I look in my garage and admire the lovely lines of my MX6. But it's a 21 year old car that I'm using for my daily driver, and I really should get a new car. But what sort of new car? Sometimes I look at the new MX5 and the Toyobaru twins, but........no. Both are close, but neither is quite right for me.
Suppose they came out with some really cool new stuff that everybody just had to buy. So everybody went out and bought it. Production and employment would increase to meet the increased demand for that cool new stuff. Aha! Maybe that's why the recovery from the global recession was so slow. They simply didn't come up with enough stuff that was cool enough and new enough that people really wanted to buy it! Bingo!

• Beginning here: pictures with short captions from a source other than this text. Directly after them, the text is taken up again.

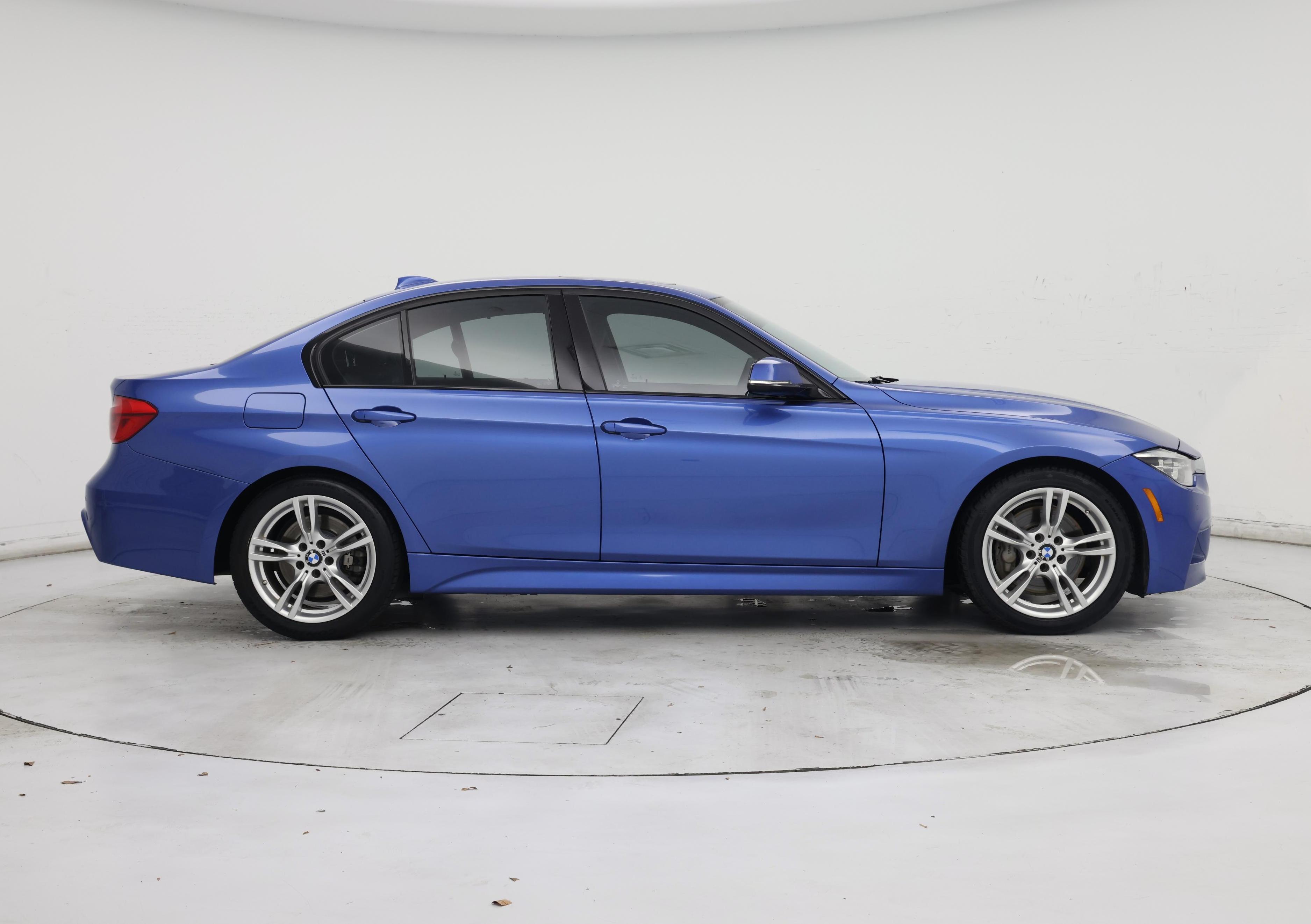Thumbnail: 2016 BMW 3 Series - 7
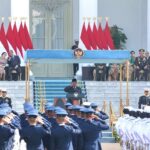Presiden RI Prabowo Subianto resmi melantik sekitar dua ribu perwira remaja TNI-Polri dalam upacara prasetya perwira di Istana Kepresidenan Jakarta, pada Rabu (23/7/2025). Foto: IG @prabowo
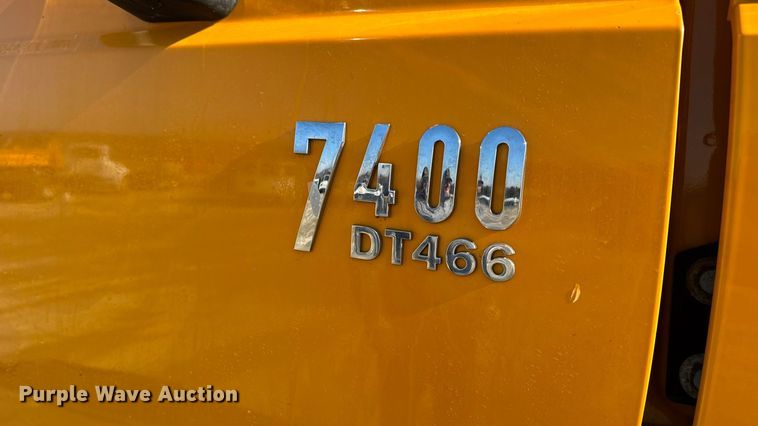 image for item DW6703 2006 International 7400 dump truck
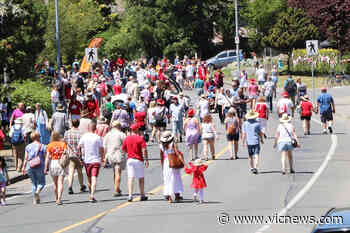 PHOTOS: Crowds flock to return of Gorge Canada Day Picnic in Saanich – Victoria News - Victoria News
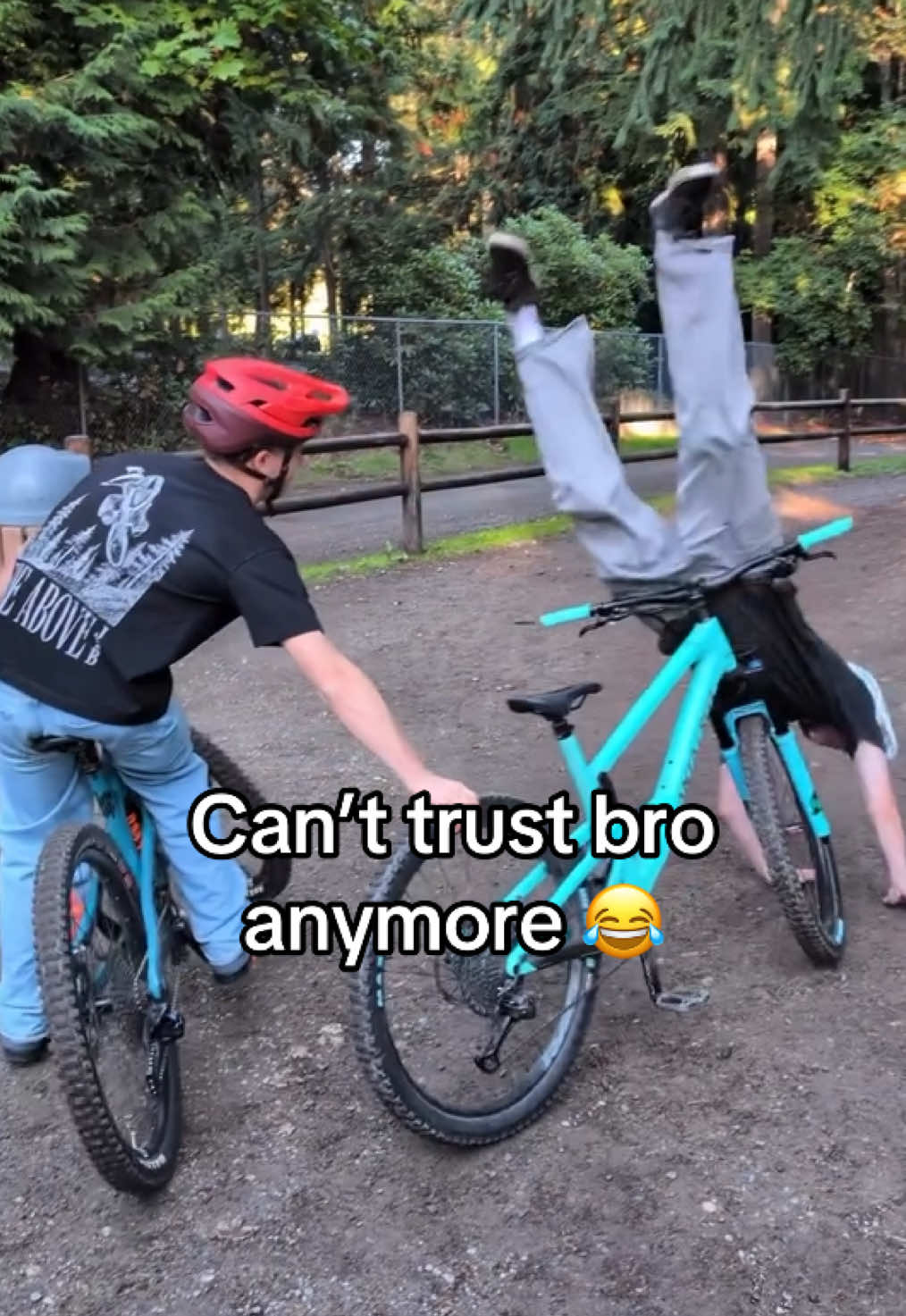 Bro gotta watch his back. 😂 (via jaxtrisko/IG) #bike #friends #funny #fail #stunt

I know exactly what some of you are thinking: "But Nick, if everyone went out and bought an extra $1,000 worth of cool new stuff we would all be living beyond our means and going even deeper into debt!" And you would be thinking wrong. You are forgetting national income accounting 101. You are committing a fallacy of composition. Because at the aggregate level income and expenditure are the same thing. If aggregate expenditure rises by $1,000, then aggregate income rises by $1,000.
And I can guess what some of the rest of you are thinking: "But Nick, there really has been lots of cool new stuff coming out over the last few years!". And you would cite a list of examples. And others would say that your list of examples weren't really that cool or new. And maybe the more diligent would try to construct an index of cool new stuff coming out each year. And then there would be an argument over whether that index had been higher or lower than normal over the last few years compared to previous years. And did that index have the predicted inverse correlation with recessions? And if it did, which way did causation run? Maybe it was recessions that caused a slowdown in cool new stuff coming out? Or maybe both recessions and lack of cool new stuff were both caused by some third thing. It could be a lovely argument that would keep going for decades. And think of the possible policy implications! Could we use R&D tax credits for countercyclical policy, or would the lags be too long and variable?

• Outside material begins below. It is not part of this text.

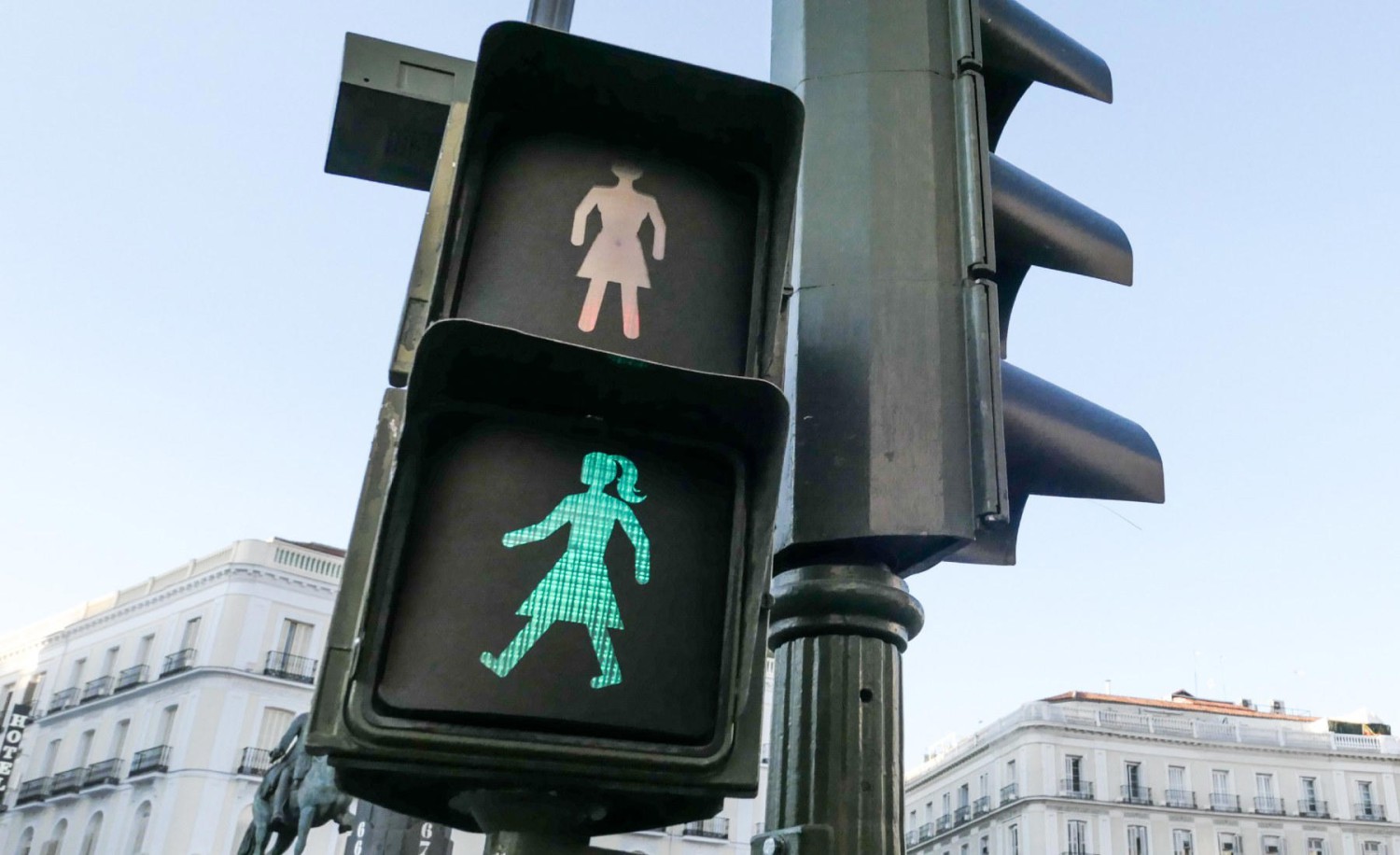 Caos en Valencia: el semáforo que casi cuesta una vida y acaba en una multa de 45.000 euros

But I simply can't be bothered. I don't care what your index of cool new stuff shows or doesn't show.
And I have exactly the same reaction to the debate about whether political uncertainty is to blame for the slow recovery.
Because stuff changes all the time. And one of the things that changes is the amount of change itself. And another thing that changes is the amount of uncertainty over the changes. And it's the job of the central bank to conduct monetary policy in such a way that, despite those changes, the economy does not fall into recession. "You had one job....and you didn't do it."
If there were no change, the gold standard would be an excellent monetary policy. The apple standard would be an equally excellent monetary policy. The k% rule with k=0 would be an equally excellent monetary policy. They would all be exactly the same damn policy. Any idiot could do it.